TASK STATEMENT
Starting at the first line of the data below, retype every line up to and including the one containing "Kerzen für besondere Anlässe".

SUPPLIED DATA
= Beginning of Section =

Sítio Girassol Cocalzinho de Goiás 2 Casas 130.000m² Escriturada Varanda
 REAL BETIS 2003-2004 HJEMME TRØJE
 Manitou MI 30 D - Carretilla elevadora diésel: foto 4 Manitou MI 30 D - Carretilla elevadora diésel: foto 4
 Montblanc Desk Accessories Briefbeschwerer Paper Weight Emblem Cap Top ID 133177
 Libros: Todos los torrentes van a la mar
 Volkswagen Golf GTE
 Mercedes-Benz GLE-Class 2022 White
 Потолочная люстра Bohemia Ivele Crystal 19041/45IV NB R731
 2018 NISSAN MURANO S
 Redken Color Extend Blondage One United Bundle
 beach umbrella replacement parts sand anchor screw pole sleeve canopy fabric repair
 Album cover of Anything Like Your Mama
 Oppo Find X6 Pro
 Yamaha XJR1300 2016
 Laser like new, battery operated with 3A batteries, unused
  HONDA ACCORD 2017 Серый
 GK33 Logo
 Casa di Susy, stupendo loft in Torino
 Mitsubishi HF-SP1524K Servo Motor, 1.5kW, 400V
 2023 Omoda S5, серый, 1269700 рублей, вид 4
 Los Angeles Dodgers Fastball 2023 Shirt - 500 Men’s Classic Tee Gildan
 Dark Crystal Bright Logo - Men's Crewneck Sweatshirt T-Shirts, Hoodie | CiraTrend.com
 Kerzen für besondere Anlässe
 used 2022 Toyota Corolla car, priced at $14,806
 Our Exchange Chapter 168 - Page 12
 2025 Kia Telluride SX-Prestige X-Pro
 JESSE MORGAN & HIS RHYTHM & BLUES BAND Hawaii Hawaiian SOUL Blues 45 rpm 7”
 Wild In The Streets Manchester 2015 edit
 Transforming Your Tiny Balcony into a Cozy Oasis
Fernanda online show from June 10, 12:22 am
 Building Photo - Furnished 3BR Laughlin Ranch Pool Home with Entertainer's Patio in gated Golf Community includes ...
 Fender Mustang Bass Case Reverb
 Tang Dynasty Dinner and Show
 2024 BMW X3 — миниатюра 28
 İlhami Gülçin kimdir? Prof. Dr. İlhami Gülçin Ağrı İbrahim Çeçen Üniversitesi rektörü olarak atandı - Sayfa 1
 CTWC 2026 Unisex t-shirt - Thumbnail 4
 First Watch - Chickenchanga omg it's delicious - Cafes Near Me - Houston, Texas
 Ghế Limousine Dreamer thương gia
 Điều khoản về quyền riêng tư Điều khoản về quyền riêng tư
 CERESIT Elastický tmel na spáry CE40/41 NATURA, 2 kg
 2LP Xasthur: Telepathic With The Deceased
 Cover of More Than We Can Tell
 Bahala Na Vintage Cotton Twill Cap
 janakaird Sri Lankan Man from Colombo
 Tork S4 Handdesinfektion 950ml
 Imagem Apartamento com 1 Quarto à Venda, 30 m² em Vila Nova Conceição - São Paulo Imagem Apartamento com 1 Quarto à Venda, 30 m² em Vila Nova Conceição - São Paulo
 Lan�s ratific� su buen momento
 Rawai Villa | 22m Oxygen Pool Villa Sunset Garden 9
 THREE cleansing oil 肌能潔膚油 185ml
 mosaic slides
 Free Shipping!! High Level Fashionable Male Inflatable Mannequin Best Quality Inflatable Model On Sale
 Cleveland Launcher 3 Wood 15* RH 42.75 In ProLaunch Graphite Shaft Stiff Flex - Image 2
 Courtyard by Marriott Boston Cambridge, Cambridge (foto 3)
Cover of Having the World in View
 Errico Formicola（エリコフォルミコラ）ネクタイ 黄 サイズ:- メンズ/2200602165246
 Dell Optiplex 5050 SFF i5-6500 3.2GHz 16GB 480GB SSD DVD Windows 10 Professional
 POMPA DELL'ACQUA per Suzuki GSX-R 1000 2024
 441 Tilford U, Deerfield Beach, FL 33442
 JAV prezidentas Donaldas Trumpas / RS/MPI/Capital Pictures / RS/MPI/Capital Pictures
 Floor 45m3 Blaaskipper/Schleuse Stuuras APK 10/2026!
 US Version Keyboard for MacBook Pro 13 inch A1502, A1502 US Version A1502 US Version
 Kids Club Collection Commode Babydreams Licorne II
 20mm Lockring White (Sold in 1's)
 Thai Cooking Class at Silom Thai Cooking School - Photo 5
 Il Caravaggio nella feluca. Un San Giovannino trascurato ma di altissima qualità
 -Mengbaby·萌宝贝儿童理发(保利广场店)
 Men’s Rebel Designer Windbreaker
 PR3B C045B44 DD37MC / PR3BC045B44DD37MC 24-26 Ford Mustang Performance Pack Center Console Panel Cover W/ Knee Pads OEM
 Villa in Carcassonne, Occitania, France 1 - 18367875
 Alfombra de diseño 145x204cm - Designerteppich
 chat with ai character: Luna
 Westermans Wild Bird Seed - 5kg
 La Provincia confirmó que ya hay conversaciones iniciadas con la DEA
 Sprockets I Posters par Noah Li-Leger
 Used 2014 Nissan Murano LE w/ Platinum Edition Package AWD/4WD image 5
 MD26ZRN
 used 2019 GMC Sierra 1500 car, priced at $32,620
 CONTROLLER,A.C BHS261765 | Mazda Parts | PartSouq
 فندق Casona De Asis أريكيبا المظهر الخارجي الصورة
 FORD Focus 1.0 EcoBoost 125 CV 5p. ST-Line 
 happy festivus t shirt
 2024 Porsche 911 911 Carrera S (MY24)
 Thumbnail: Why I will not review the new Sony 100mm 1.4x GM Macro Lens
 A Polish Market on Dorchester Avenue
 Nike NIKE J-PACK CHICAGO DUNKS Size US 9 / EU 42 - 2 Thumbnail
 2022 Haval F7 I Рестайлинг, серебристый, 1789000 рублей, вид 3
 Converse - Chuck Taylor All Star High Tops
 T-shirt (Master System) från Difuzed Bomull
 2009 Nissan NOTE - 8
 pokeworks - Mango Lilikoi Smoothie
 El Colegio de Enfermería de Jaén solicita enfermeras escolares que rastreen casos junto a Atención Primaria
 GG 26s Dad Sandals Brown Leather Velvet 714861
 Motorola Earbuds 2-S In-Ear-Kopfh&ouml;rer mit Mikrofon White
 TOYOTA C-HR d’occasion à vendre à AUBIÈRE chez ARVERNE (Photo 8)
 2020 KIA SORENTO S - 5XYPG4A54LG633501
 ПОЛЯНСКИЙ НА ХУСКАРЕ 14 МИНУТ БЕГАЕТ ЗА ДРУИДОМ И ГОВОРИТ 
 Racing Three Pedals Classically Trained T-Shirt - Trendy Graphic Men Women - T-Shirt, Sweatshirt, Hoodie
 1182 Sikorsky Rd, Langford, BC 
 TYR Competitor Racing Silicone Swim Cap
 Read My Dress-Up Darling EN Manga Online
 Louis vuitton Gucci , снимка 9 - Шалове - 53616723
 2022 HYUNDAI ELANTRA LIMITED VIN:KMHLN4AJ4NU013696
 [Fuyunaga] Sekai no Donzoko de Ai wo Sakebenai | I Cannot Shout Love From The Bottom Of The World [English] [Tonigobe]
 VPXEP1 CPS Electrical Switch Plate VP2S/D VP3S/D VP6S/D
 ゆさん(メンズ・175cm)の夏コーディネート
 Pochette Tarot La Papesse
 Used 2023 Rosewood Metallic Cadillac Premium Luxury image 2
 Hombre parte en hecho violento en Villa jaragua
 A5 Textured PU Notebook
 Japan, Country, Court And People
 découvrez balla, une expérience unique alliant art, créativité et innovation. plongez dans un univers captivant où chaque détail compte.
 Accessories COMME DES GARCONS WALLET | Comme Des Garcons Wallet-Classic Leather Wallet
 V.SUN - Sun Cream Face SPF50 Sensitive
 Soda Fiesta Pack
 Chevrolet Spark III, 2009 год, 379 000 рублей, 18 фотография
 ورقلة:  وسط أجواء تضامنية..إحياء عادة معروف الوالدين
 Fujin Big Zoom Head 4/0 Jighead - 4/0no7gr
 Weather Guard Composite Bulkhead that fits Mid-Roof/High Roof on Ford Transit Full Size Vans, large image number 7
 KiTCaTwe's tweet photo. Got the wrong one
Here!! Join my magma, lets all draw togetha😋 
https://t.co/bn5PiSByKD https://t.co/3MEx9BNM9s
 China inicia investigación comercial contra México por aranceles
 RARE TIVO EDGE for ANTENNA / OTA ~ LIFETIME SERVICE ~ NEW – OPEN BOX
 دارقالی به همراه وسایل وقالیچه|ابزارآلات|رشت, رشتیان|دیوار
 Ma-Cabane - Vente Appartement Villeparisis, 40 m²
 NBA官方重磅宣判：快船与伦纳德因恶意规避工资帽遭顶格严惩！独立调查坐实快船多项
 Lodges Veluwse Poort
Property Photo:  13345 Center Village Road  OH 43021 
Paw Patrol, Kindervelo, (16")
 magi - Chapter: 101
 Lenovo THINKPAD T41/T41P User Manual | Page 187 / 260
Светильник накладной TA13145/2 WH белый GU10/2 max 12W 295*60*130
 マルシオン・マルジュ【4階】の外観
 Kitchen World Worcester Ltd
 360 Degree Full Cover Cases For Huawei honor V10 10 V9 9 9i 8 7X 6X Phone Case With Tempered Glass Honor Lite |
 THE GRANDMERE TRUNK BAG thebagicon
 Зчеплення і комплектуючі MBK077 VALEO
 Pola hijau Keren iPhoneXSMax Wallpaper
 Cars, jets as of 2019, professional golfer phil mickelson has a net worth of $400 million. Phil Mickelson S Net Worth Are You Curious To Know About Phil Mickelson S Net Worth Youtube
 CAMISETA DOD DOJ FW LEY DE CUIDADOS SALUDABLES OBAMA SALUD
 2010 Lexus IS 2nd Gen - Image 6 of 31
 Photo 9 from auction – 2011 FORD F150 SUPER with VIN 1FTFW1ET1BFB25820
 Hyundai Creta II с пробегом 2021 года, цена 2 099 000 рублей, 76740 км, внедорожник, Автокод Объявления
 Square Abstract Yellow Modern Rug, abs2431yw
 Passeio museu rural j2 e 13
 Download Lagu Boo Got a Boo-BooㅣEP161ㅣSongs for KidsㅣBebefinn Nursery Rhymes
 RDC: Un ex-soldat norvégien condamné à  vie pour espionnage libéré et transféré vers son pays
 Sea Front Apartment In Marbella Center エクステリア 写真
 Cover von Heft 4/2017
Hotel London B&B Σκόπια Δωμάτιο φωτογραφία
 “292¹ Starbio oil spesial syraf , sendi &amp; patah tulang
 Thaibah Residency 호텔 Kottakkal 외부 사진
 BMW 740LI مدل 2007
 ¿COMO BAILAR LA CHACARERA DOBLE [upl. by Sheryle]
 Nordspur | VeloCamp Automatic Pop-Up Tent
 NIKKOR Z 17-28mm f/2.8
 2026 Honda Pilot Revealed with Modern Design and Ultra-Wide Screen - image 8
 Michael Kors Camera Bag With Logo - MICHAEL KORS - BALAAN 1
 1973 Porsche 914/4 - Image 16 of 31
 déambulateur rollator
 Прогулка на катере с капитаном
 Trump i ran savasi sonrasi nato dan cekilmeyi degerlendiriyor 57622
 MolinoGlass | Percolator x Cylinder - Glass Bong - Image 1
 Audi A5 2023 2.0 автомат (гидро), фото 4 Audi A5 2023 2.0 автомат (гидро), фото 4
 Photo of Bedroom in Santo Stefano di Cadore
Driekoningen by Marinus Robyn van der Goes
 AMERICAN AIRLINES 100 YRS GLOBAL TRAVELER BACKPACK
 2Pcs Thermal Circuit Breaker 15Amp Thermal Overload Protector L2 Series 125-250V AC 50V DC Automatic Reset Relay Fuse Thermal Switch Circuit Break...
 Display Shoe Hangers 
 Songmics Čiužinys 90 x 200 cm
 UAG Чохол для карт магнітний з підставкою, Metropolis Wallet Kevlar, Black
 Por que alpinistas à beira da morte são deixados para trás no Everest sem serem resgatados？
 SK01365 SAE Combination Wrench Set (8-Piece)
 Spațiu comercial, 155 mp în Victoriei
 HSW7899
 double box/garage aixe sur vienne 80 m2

= End of Section =

ANSWER BOX
Sítio Girassol Cocalzinho de Goiás 2 Casas 130.000m² Escriturada Varanda
 REAL BETIS 2003-2004 HJEMME TRØJE
 Manitou MI 30 D - Carretilla elevadora diésel: foto 4 Manitou MI 30 D - Carretilla elevadora diésel: foto 4
 Montblanc Desk Accessories Briefbeschwerer Paper Weight Emblem Cap Top ID 133177
 Libros: Todos los torrentes van a la mar
 Volkswagen Golf GTE
 Mercedes-Benz GLE-Class 2022 White
 Потолочная люстра Bohemia Ivele Crystal 19041/45IV NB R731
 2018 NISSAN MURANO S
 Redken Color Extend Blondage One United Bundle
 beach umbrella replacement parts sand anchor screw pole sleeve canopy fabric repair
 Album cover of Anything Like Your Mama
 Oppo Find X6 Pro
 Yamaha XJR1300 2016
 Laser like new, battery operated with 3A batteries, unused
  HONDA ACCORD 2017 Серый
 GK33 Logo
 Casa di Susy, stupendo loft in Torino
 Mitsubishi HF-SP1524K Servo Motor, 1.5kW, 400V
 2023 Omoda S5, серый, 1269700 рублей, вид 4
 Los Angeles Dodgers Fastball 2023 Shirt - 500 Men’s Classic Tee Gildan
 Dark Crystal Bright Logo - Men's Crewneck Sweatshirt T-Shirts, Hoodie | CiraTrend.com
 Kerzen für besondere Anlässe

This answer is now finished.